String comparisons must be one of the most common things we do in C#; and string comparisons can be really expensive! So its worthwhile knowing the what, when and why to improving string comparison performance.
In this article I will explore one way – string interning.
What is string interning?
String interning refers to having a single copy of each unique string in an string intern pool, which is via a hash table in the.NET common language runtime (CLR). Where the key is a hash of the string and the value is a reference to the actual String object.
So if I have the same string occurring 100 times, interning will ensure only one occurrence of that string is actually allocated any memory. Also, when I wish to compare strings, if they are interned, then I just need to do a reference comparison.
String interning mechanics
In this example, I explicitly intern string literals just for demonstration purposes.
var s1 = string.Intern("stringy"); var s2 = string.Intern("stringy"); var s3 = string.Intern("stringy");
- This new “stringy” is hashed and the hash is looked up in our pool (of course its not there yet)
- A copy of the “stringy” object would be made
- A new entry would be made to the interning hash table, with the key being the hash of “stringy” and the value being a reference to the copy of “stringy”
- Assuming application no longer references original “stringy”, the GC can reclaim that memory
Line 2: This new “stringy” is hashed and the hash is looked up in our pool (which we just put there). The reference to the “stringy” copy is returned
Line 3: Same as line 2
Interning depends on string immutability
Take a classic example of string immutability:
var s1 = "stringy"; s1 += " new string";
We know that when line 2 is executed, the “stringy” object is de-referenced and left for garbage collection; and s1 then points to a new String object “stringy new string”.
String interning works because the CLR knows, categorically, that the String object referenced cannot change. Here I’ve added a fourth line to the earlier example:
var s1 = string.Intern("stringy"); var s2 = string.Intern("stringy"); var s3 = string.Intern("stringy"); s1 += " new string";
Line 4: s1 doesn’t change because it is immutable; it now points to a new String object ” stringy new string”.

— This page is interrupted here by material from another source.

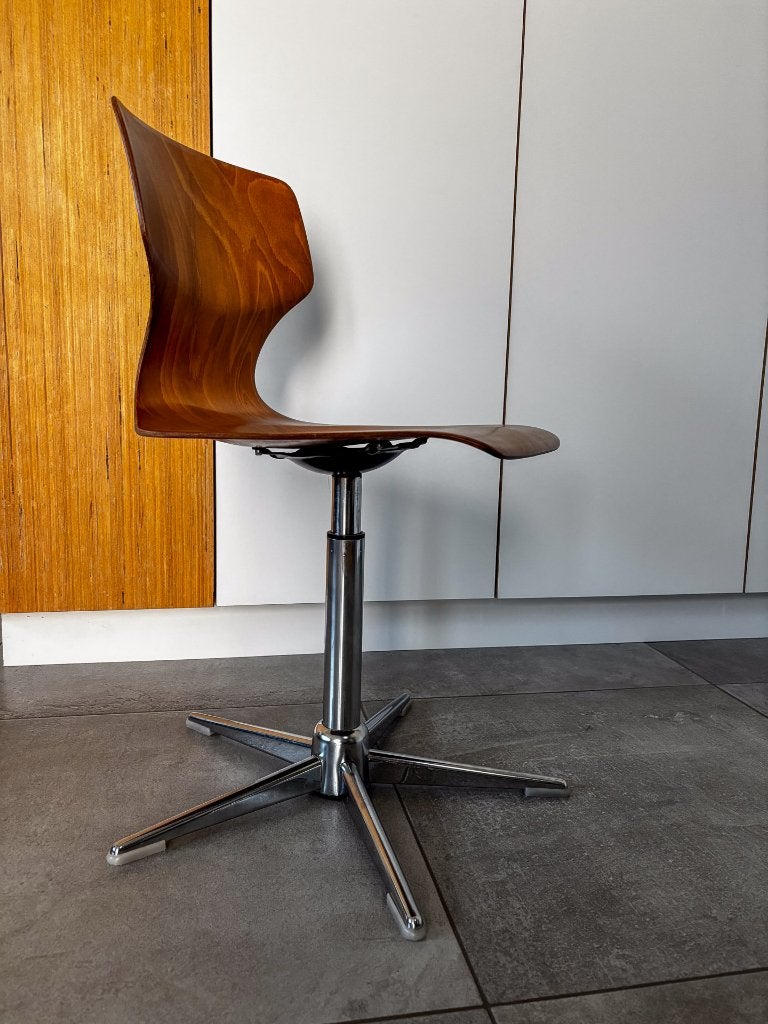 7 originele Pagholz schoolstoelen met draaivoet, Huis en Inrichting, Stoelen, Ophalen, Gebruikt, Bruin, Vijf, Zes of meer stoelen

s2 and s3 will still safely reference the copy that was made at line 1
Using Interning in the .NET CLR
You’ve already seen a bit in the examples above gutepotenz.de. .NET offers two static string methods:
It hashes string str and checks the intern pool hash table and either:
- returns a reference to the (already) interned string, if interned; or
- a references to str is added to the intern pool and this reference is returned
It hashes string str and checks the intern pool hash table. Rather than a standard bool, it returns either:
- null, if not interned
- a reference to the (already) interned string, if interned
String literals (not generated in code) are automatically interned, although CLR versions have varied in this behaviour, so if you expect strings interned, it is best to always do it explicitly in your code.
My simple test: Setup
I’ve run some timed tests on my aging i5 Windows 10 PC at home to provide some numbers to help explore the potential gains from string interning. I used the following test setup:
- Strings randomly generated
- All string comparisons are ordinal
- Strings are all the same length of 512 characters as I want the CLR will compare every character to force the worst-case (the CLR checks string length first for ordinal comparisons)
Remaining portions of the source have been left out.